If you missed the only candidate debate in this year’s race for governor of California, we can’t really blame you. The conversation between Gavin Newsom, John Cox, and moderator Scott Shafer took place at 10 a.m. on a Monday, and the KQED-hosted event aired only on select public radio stations and via audio-only web stream.
News outlets had been asking the campaigns to produce some kind of official, public debate. Newsom’s camp was ready to go with a plan for a televised event on CNN on October 1, but that plan ultimately fell through when Cox’s team wanted to establish topics in advance and have input on the journalist who would moderate. The CNN plan came after four previous proposals by Cox, which were all declined by Newsom’s campaign.
Many were listening to see if Republican candidate Cox, who has been lagging behind Newsom in polls and fundraising, would to use the forum as a platform to articulate his policy vision for the state in a new way or make a big play to win over any remaining undecided voters, but no dramatic bombshells ended up being dropped during the conversation.

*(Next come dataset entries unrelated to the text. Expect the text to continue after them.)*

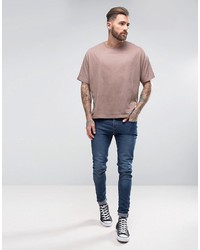 beige T-shirt von Asos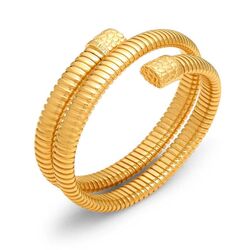 Giovanni Raspini armband tubogas Croco dubbel verguld zilver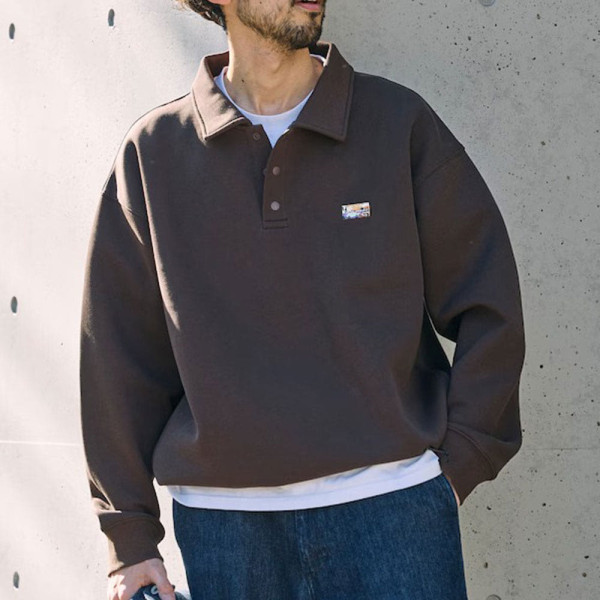 프릭스스토어 빅실루엣 스핀들 박스 원포인트 로고 폴로 카라 스웨트 8컬러 1023248903156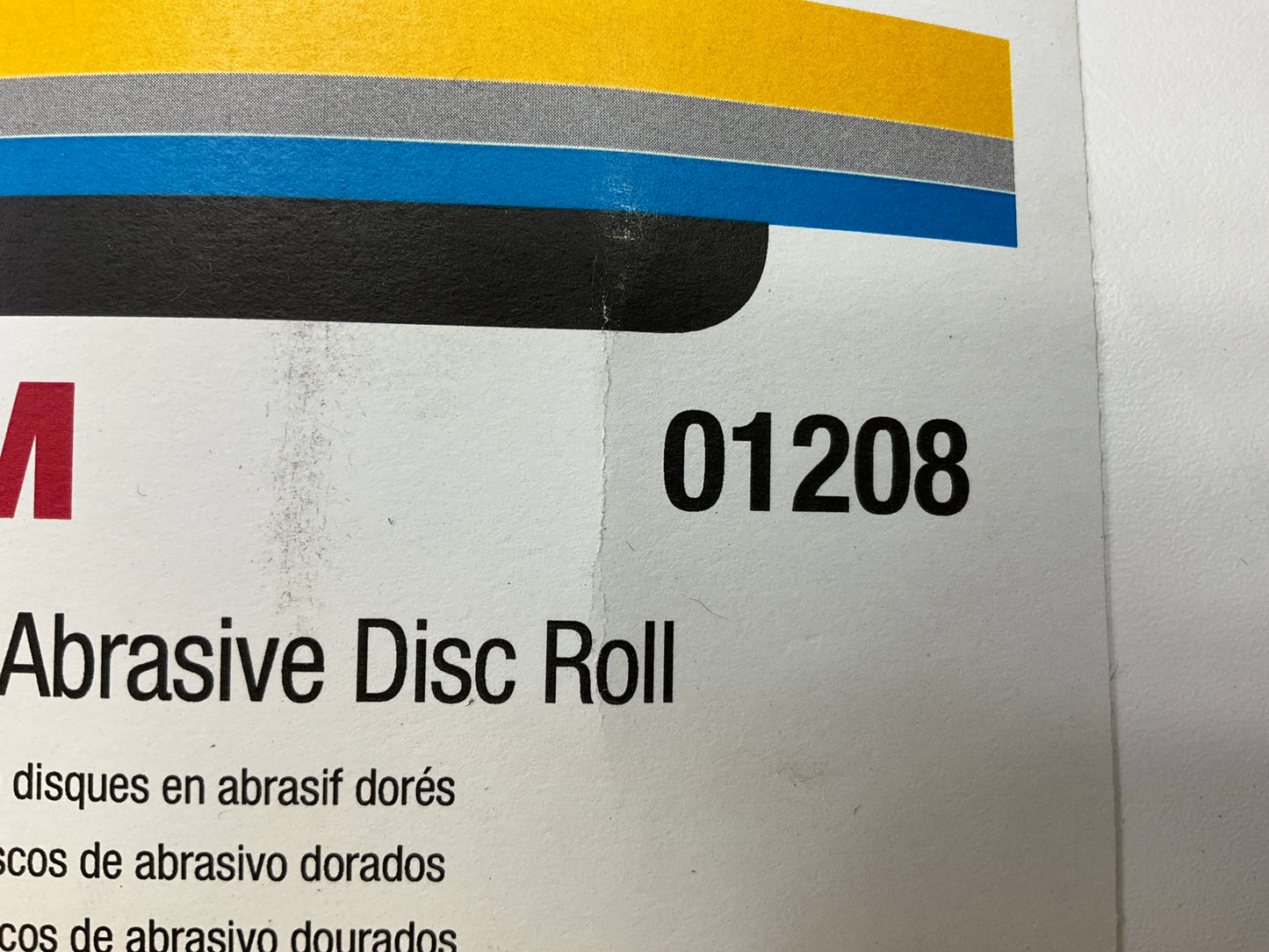 3M 01208 Stikit Gold Sanding Discs Roll 6'', P220 Grit, 75 Discs / Roll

Still, the candidates took the opportunity to remind voters of their stark differences on policies, including immigration and environmental protection.
On immigration, Cox stated that he would ask the legislature to find a way to revoke the laws that establish California as a “sanctuary state,” and that he supports building a wall along the southern border. Newsom used this as an opportunity to link Cox closely to President Trump and the national Republican agenda.
“I fear that, under a Cox administration working hand-in-glove with Donald Trump, our progressive and enlightened polices on immigration will roll back into the dark ages,” Newsom said.
When it came to a conversation about environmental policy, and specifically the California Environmental Quality Act (CEQA), things got about as heated as at any point in the generally civil and low-key debate. Newsom accused Cox of wanting to abolish the law entirely without a clear strategy for state-wide environmental protections. Cox responded that he blames CEQA for housing affordability problems, and he insinuated that pro-environment “special interests” were unduly influencing Newsom with campaign contributions.
Perhaps the sharpest critique of Newsom came not from Cox, but from Shafer, who pressed the front-runner on his personal temperament and political style. The San Francisco-based reporter called back to Newsom’s tension with the city supervisors when he served as mayor of San Francisco, as well as Newsom’s public frictions with Jerry Brown in his early days as Lieutenant Governor. Newsom didn’t deny that he’s been prickly in the past, but stated that he’s learned how to handle situations better as his career has gone on.
“If you’re looking for timidity, I’m not your person,” Newsom said. “There’s areas of disagreement and sometimes people are disagreeable, but my intention is to go together, not go alone.”